また、当時普及していたモノクロテレビの白黒映像では、茶色一色のサッカーボールは見ずらく、どこにサッカーボールがあるか分かりにくいという問題もありました。
日本で初めて白黒のサッカーボールが生まれる
広島県に本社を置く『モルテン』は、ハンドボールで採用していた切頂二十面体の形状をサッカーボールに転用し、1966年に日本で初めて白黒の切頂二十面体のサッカーボールを発売しました。
すると、
- 土のグラウンドでの視認性が良い
- モノクロテレビでもボールを見分けやすい
- 球体に近い形状のためコントロール性が良い
などの理由から瞬く間に日本全国に広まり使用されるようになりました。
その後世界中にも切頂二十面体の白黒のサッカーボールが広まり、サッカーボールといえば白黒で切頂二十面体というイメージが出来上がりました。
白黒のサッカーボールがワールドカップ公式球に
前述した通り『モルテン』が制作した白黒の切頂二十面体のサッカーボールには以下のような特徴がありあます。
- 土のグラウンドでも視認性が良い
- モノクロテレビでもボールを見分けやすい
- 球体に近い形状のためコントロール性が良い
FIFAワールドカップ1970年の公式球を制作することになった『アディダス』はこの特徴に注目し、『モルテン』と契約を結び、白黒の切頂二十面体のサッカーボール、『テルスター』を制作しました。
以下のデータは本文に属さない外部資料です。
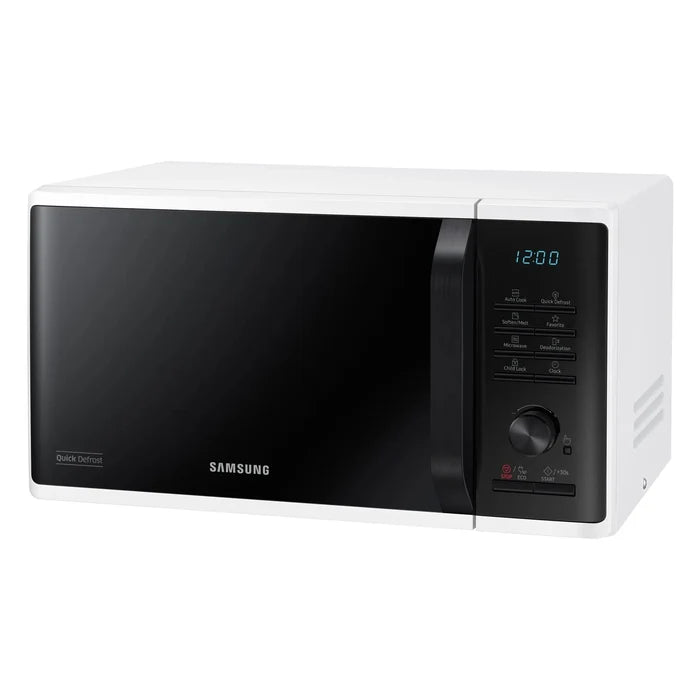Samsung Solo MWO Capacity 23 L White Microwave – view 3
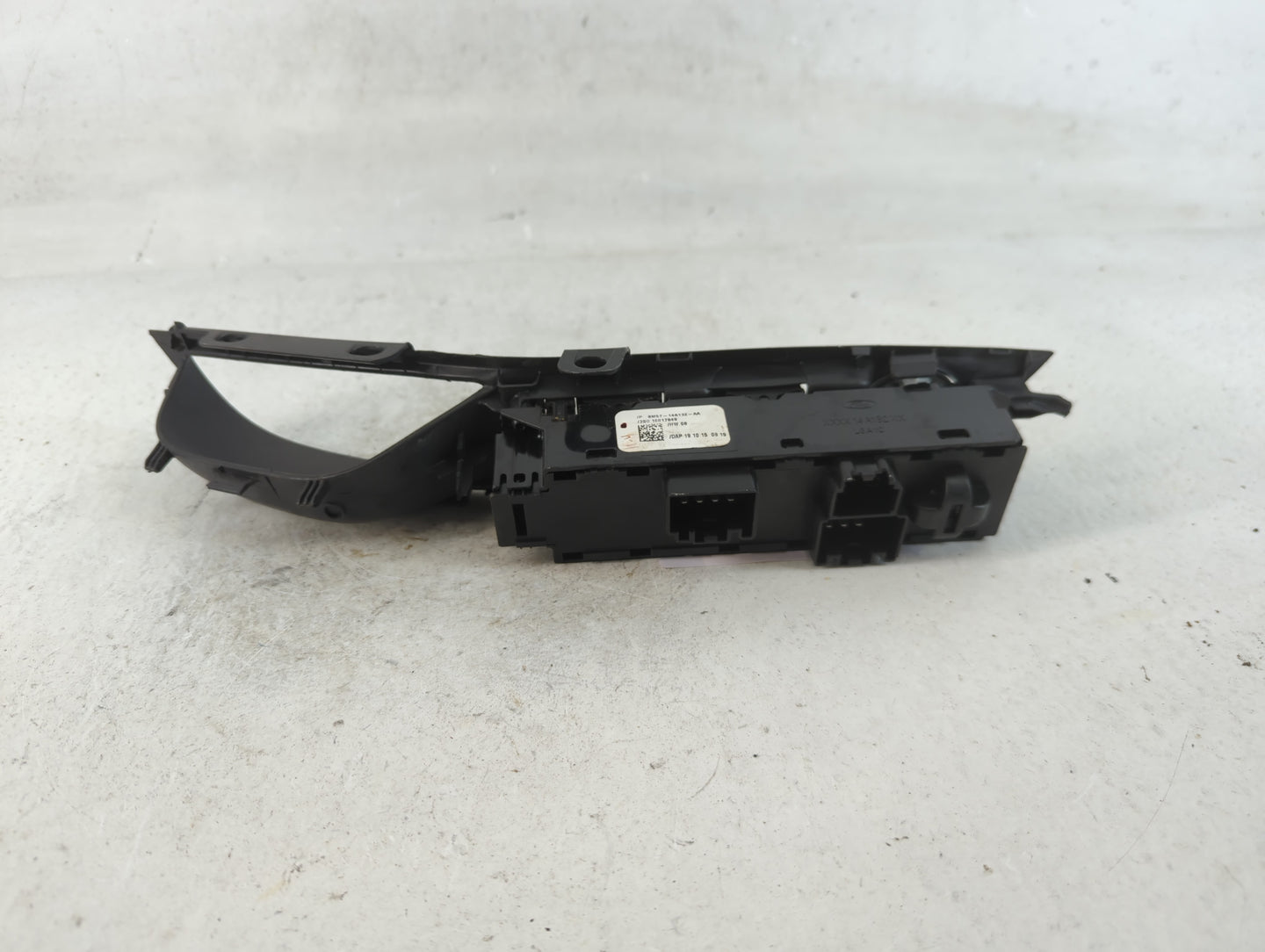 2012-2018 Ford Focus Master Power Window Switch Replacement Driver Side Left P/N:BM5T-14A132-AA Fits OEM Used Auto Parts - O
FIFAワールドカップという国際的な大会で白黒のサッカーボールが採用されたことにより、より一層『サッカーボールは白黒』というイメージが定着していきました。
まとめ
今回はサッカーボールが白黒である理由について解説しましたがいかがだったでしょうか?
白黒の5角形と6角形のサッカーボールは、土のグラウンドやモノクロテレビでの視認性を良くすることや、ボールを球体に近い形状にすることでコントロール性を良くするために制作されました。